Even if a company were to learn of the existence of a sealed complaint, dozens of published cases – some of which Loucks himself participated in – confirm that when confronted with the objections of the government, courts rarely, if ever, unseal FCA complaints. (The National Law Journal is now reporting on a novel development: Some judges, notably including some in the U.S. District Court for Massachusetts, are now unsealing many FCA cases. It appears that the judges are doing this because they want to increase the visibility of the judicial system to the public.) In general, however, the “good cause” language in the FCA is often an easy standard for prosecutors to meet and allows them to keep cases under seal – even over defendant’s objections – for extended periods of time.

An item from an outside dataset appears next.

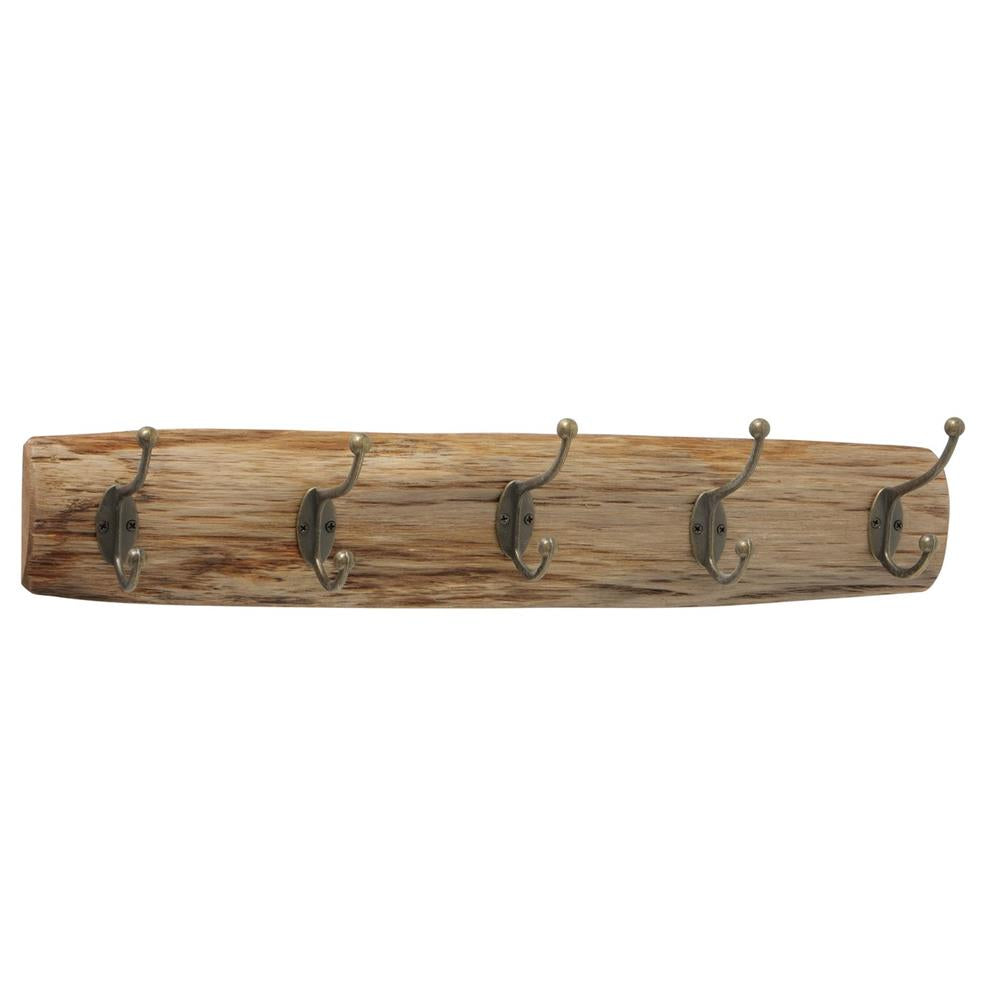 BOLTZE Garderobenleiste Brando Eichenholz 5 Haken 10 x 55 cm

We are surprised by the lack of attention on Loucks’ part to the question of whether a defendant necessarily wants a complaint to be unsealed. Loucks built his reputation on obtaining huge settlements from publicly traded health care companies. Traditionally, those entities announce the existence of a complaint on the same day that the complaint is unsealed and the matter is settled. It is not surprising that organizations would seek to keep the complaint sealed from the public eye and only unseal the complaint when the announcement of a settlement is believed to mitigate the impact of that case on that company’s share value. (For more on the role of company disclosure, see our Web site here. )
While we certainly agree that companies confronted with complaints under the False Claims Act complaints may want to consider asking courts to unseal complaints against them, there are a host of issues that must be analyzed and considered, including the effect of disclosure on the market and the practical ability to successfully argue for disclosure under the FCA and existing case law interpreting that statute.